Crisis somewhat averted.


Building Tools, Because Why Stop Now?

At this point, by the time everything was working, the project had grown into a team trying to earn our free chicken.

We went crazy with the optimizations.

👇
We added a custom UI overlay for toggling cheats

The leaderboard website.

👇

We built a separate website tracking leaderboard movements

The leaderboard
website.

👇

We created a Discord bot to notify us of suspicious accounts cheating up their score

The tracking discord
webhook.

Because at this point, this wasn't just a cheat. It had become a craft, a lifestyle, a chicken-fueled art project that consumed our every waking moment.


The Final Plan

We didn’t want to look suspicious.

So our strategy was:

  • never jump too high in the leaderboard too fast
  • keep our accounts in realistic positions
  • run our big “immortal sessions” near the very end
  • make each run last 1-2 hours so the data looked human

Our strategy was very careful also because we were pretty sure someone else was doing the same thing. Other accounts were behaving similarly to ours, jumping in points and reaching scores that were hardly humanly possible.

We prepared everything: timers, scripts, snacks.
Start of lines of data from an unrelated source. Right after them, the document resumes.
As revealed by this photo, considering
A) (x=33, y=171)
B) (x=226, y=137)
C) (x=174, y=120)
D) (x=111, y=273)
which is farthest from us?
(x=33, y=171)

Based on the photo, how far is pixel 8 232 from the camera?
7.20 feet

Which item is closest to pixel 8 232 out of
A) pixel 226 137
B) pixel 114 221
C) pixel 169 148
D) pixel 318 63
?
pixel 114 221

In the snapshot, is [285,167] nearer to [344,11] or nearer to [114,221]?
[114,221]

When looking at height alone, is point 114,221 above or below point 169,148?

This was our Super Bowl, our moment of truth, our digital heist finale.


The Last Hour

The final hour of the contest arrived.

Our long games were already running.

At 5 minutes before closing, we waited with nervous anticipation. At 4 minutes, the tension was building. At 3 minutes, stress began creeping in. At 2 minutes, panic was warming up in the bullpen. At 1 minute, we finally killed our characters.
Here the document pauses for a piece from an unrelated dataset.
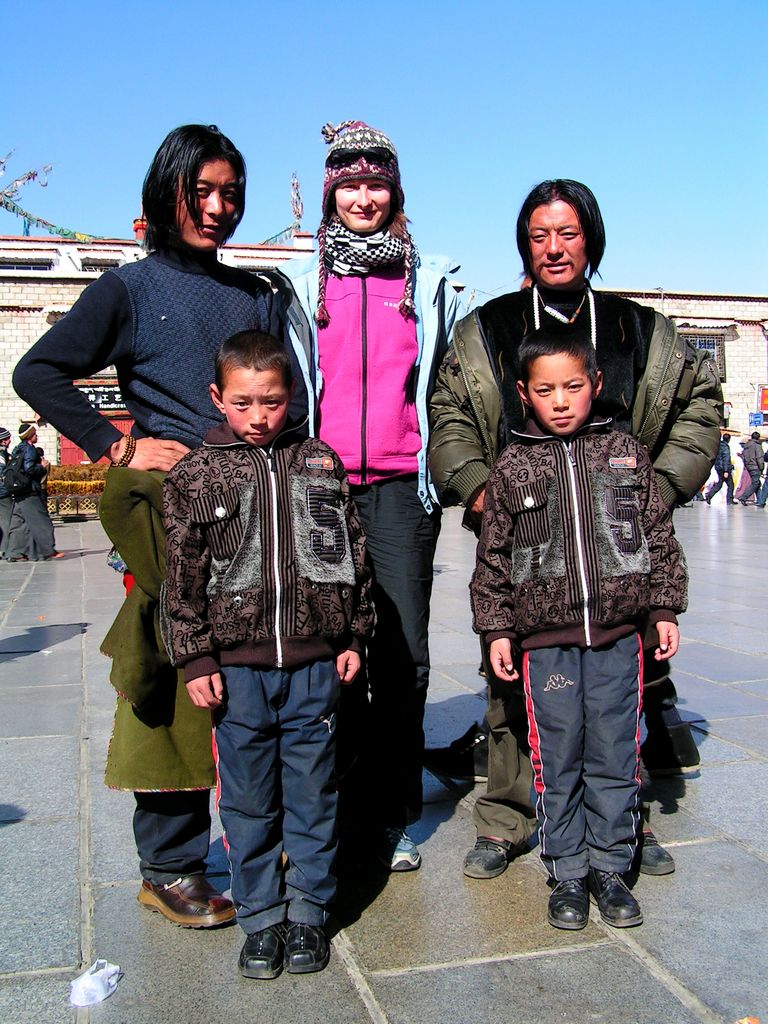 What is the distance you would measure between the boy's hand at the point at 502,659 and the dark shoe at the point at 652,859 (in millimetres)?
616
Everything seemed to go smoothly. All the chrome tabs sent out the submission HTTP request, containing the huge data about the run.

It wasn't immediate. The payload of the request was multiple MBs long, because it contained all of the events of the 3 hours game.

We held our breath.

Then: Error.

They had shut score submissions five minutes early.
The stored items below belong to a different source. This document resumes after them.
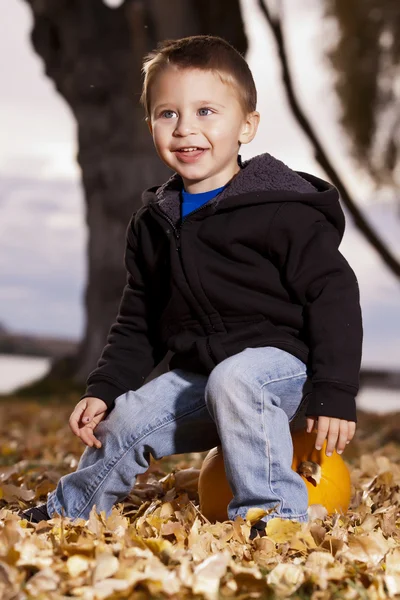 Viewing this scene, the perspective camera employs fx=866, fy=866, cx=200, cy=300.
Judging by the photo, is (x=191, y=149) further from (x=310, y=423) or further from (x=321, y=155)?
(x=321, y=155)

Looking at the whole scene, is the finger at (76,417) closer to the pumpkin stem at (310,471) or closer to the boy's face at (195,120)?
the pumpkin stem at (310,471)

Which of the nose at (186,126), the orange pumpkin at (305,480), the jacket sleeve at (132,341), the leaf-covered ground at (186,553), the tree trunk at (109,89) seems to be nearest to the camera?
the leaf-covered ground at (186,553)

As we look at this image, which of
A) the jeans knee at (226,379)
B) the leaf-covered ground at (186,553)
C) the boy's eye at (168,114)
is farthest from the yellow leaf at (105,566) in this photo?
the boy's eye at (168,114)

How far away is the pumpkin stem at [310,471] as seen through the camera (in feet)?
10.9

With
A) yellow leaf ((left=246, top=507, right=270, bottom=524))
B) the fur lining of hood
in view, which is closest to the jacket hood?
the fur lining of hood

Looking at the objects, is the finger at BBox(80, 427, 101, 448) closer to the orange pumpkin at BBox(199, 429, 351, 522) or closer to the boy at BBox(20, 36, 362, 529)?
the boy at BBox(20, 36, 362, 529)

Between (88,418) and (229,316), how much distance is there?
71 cm

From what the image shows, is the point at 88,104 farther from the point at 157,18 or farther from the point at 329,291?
the point at 329,291

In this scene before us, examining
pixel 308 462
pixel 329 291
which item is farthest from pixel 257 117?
pixel 308 462

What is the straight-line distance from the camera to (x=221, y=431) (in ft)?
10.0

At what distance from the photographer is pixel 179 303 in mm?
3324

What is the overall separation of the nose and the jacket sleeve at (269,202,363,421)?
17.3 inches

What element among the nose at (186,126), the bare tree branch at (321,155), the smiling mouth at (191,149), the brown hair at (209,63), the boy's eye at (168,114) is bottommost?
the bare tree branch at (321,155)

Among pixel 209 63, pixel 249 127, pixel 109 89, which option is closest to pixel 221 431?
pixel 249 127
Our three-hour immortal runs? Gone. Vanished into the digital ether like they never existed.

The error message.

🎉

Luckily, our sleeper accounts had been slowly climbing for days and still landed safely in prize range.


One Month of Silence

The rules said winners would be contacted within 30 days.

Thirty days passed with radio silence.

We assumed they had caught us. We assumed Sentry had betrayed us. We assumed we were doomed to a life of paying full price for chicken nuggets.

Then, we got a notification. An email from ChickenDonald.

The email.

We had won.

Free chicken for an entire year.

We did it.


The Weekly Ritual

Now, every Sunday, without fail, we gather at the nearest ChickenDonald. We redeem our free chicken, eat like champions, and laugh about the beautiful chaos that brought us here.

The tradition.

At first, we had to explain to the staff why we were legally entitled to free food. Now they know us by sight. They see us walk in, die a little inside, and begin preparing our order almost instinctively.

One manager even asked for a picture with us.

Honestly? It was worth every single line of code we wrote.


Big thanks to my friends who took part in the project!